The event that snowballed into far more impactful economic changes, namely the fall of the Bashar al Assad regime, the rise of al- Nusra Front founder and Hay’at Tahrir al Sham leader Abu Mohammad Jolani-turned-President Ahmad al Sharaa, and the partial lifting of the 2019 Caesar Act Sanctions by the US, is separate from but certainly not unrelated to the regional fallout post- October 7. Syria’s astonishing regime shift was spurred by shifting internal and external political conditions. But attempting to trace the steps of which action was orchestrated by which party on which timeline, and as a result of which other event leads one quickly into mirky territory that is speculative at best and can veer towards conspiracy at worst. What is clear is that the weakening of Hezbollah during its war with Israel, particularly in Israel’s open war phase on alleged Hezbollah targets in Lebanon from September-November 2024, weakened the Syrian regime and created opportunity for Assad’s ousting and the fall of his regime during an eleven-day period that culminated on December 8, 2025.
On that day, eleven days after a ceasefire was declared in Lebanon, Israel broke the 1974 Disengagement Agreement and invaded southern Syria from the occupied Golan Heights in a seizure dubbed by Netanyahu as a “temporary buffer zone.” The expanded occupied territory includes the strategic high point of Mount Hermon, or Jabal al Sheikh, which also supplies water to Damascus via the Fijeh spring and Barada river. Both are strategic freshwater sources that moreover dropped to critical lows due to a 2024 drought, resulting in detrimental effects for 70 percent of Damascus water according to an August 2025 drought report by the International Federation of the Red Cross. Nonetheless, the restitution of Jabal al Sheikh to Syrian control seems not to be intended. On November 26, 2025, Israeli Minister of Defense, Yisrael Katz, stated that, “We will not withdraw from Mount Hermon and we will not leave Syria,” and the Israeli prime minister reiterated in February 2025 that “we will not allow Syrian army forces to enter the region south of Damascus.” On top of its seizure of Damascus’ main water source in course of its presumed fortification of its security and economic positions, Israel has been conducting a one-sided air campaign against targets in Syria, which it intensified on December 9, 2025, with approximately 350 airstrikes over a 48-hour period, devastating strategic infrastructure, destroying weapons stockpiles, airbases, missile depots, and naval facilities.
No way to go but up?
Syria’s post-conflict economic outlook is defined by a very weak starting point and a narrow path to recovery. After an estimated 1.5 percent contraction in 2024, Gross National Product (GDP) is projected to grow by just 1 percent in 2025, according to the World Bank’s June 2025 macro-fiscal assessment. This growth is just a drop in the bucket in needing to offset a cumulative GDP loss exceeding 50 percent since 2010. According to this same report, extreme poverty is rising, public services continue to deteriorate, and Gross National Income (GNI) per capita has fallen to roughly $830 USD, placing Syria among the world’s poorest economies.
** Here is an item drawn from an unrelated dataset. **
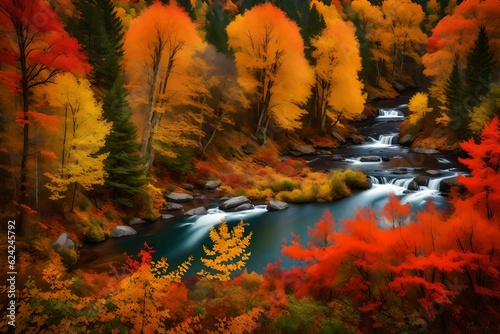 river in forest in autumn season generated by Ai tool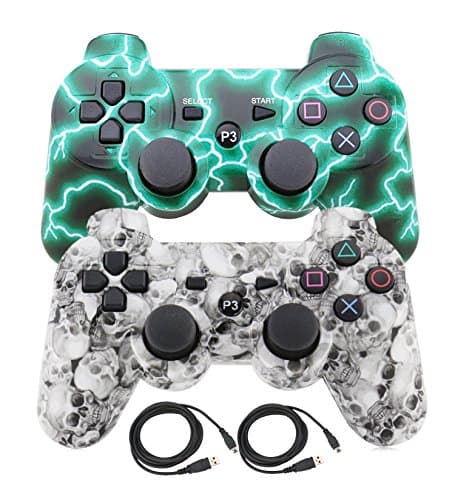 Pofona Bluetooth Wireless Controller For PS3 Double Shock - Bundled with USB charge cord (Green Ligntning and White Skull)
Although the World Bank estimates a GDP loss of about $800 billion USD over a decade of conflict, the United Nations Development Programme (UNDP)’s February 2025 report on the impact of conflict in Syria estimated an economic and financial loss of $923 billion USD by the end of 2024. The World Bank’s “conservative” estimate for reconstruction costs accumulated between 2014 and 2024 comes to $216 billion USD. The fiscal position is deeply strained: budget deficits hover around 6 percent of GDP and public revenues remain depressed. External public debt, which is unreported but owed primarily to Iran and Russia, has climbed to over 100 percent of GDP, leaving the state with almost no fiscal space. In May 2025, Saudi Arabia and Qatar paid off Syria’s $15.5 million USD outstanding debt to the World Bank, prompting the global finance institution to recommence engagement with Syria. In June 2025, the World Bank approved a $146 million USD grant to rehabilitate Syria’s electricity network.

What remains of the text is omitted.